* Data shown
·····
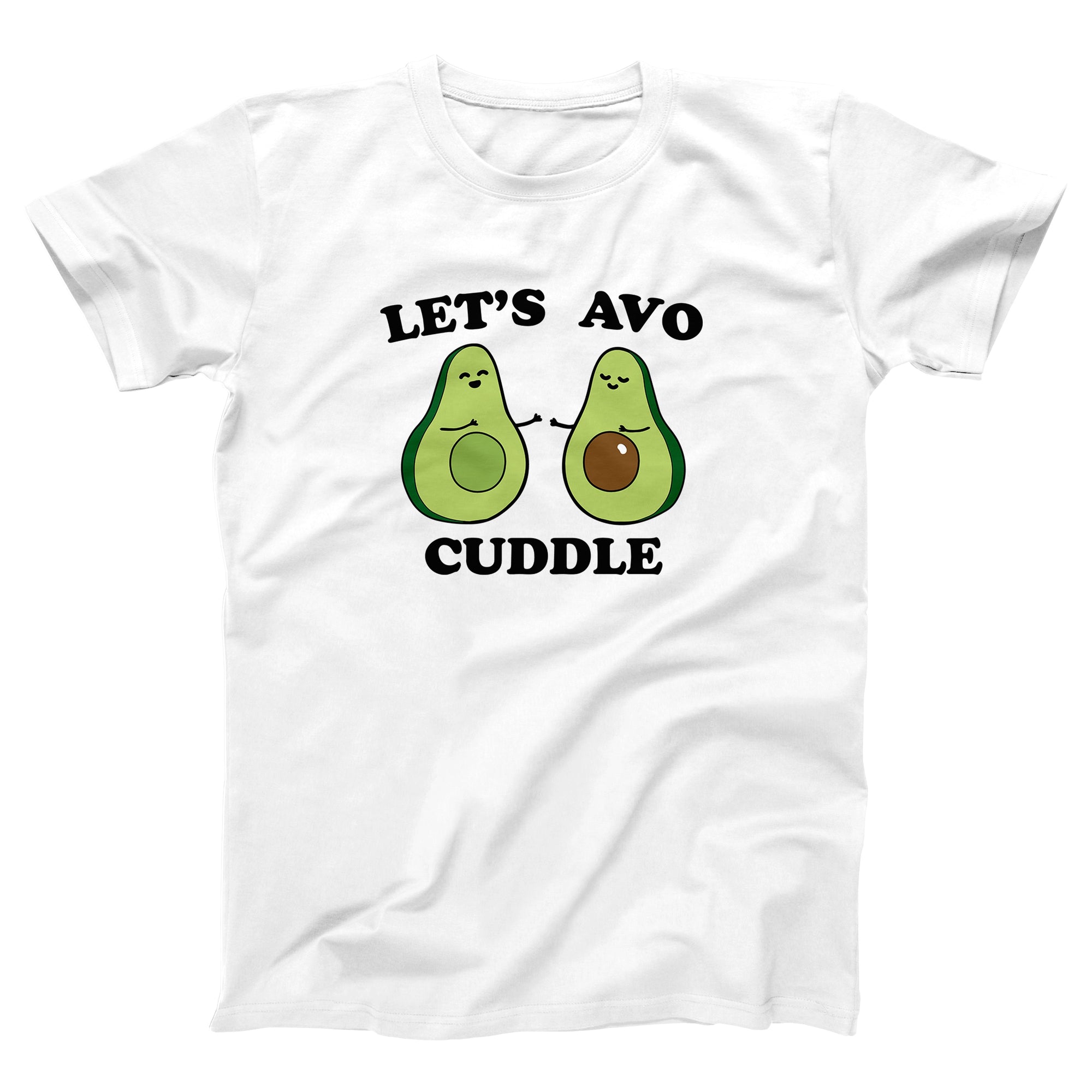 Let's Avocuddle Adult Unisex T-Shirt - anishphilip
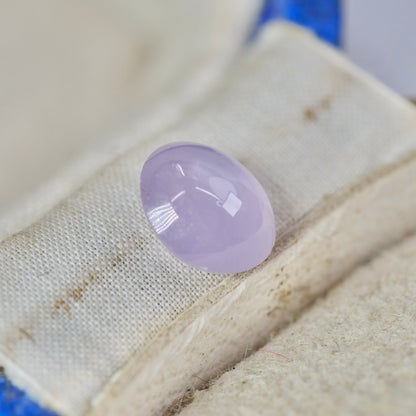 スターサファイア 1.10ct カボションカット 6.0mm×5.3mm×3.6mm【MJ2940】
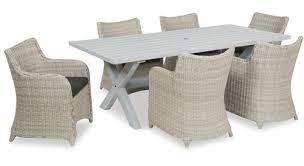 Bali 2200 Oblong Outdoor Table Chairs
·····
* Task goal
Copy out the listing above in full and leave out its pictures.

* Solution to this exercise
 Let's Avocuddle Adult Unisex T-Shirt - anishphilip
 スターサファイア 1.10ct カボションカット 6.0mm×5.3mm×3.6mm【MJ2940】
 Bali 2200 Oblong Outdoor Table Chairs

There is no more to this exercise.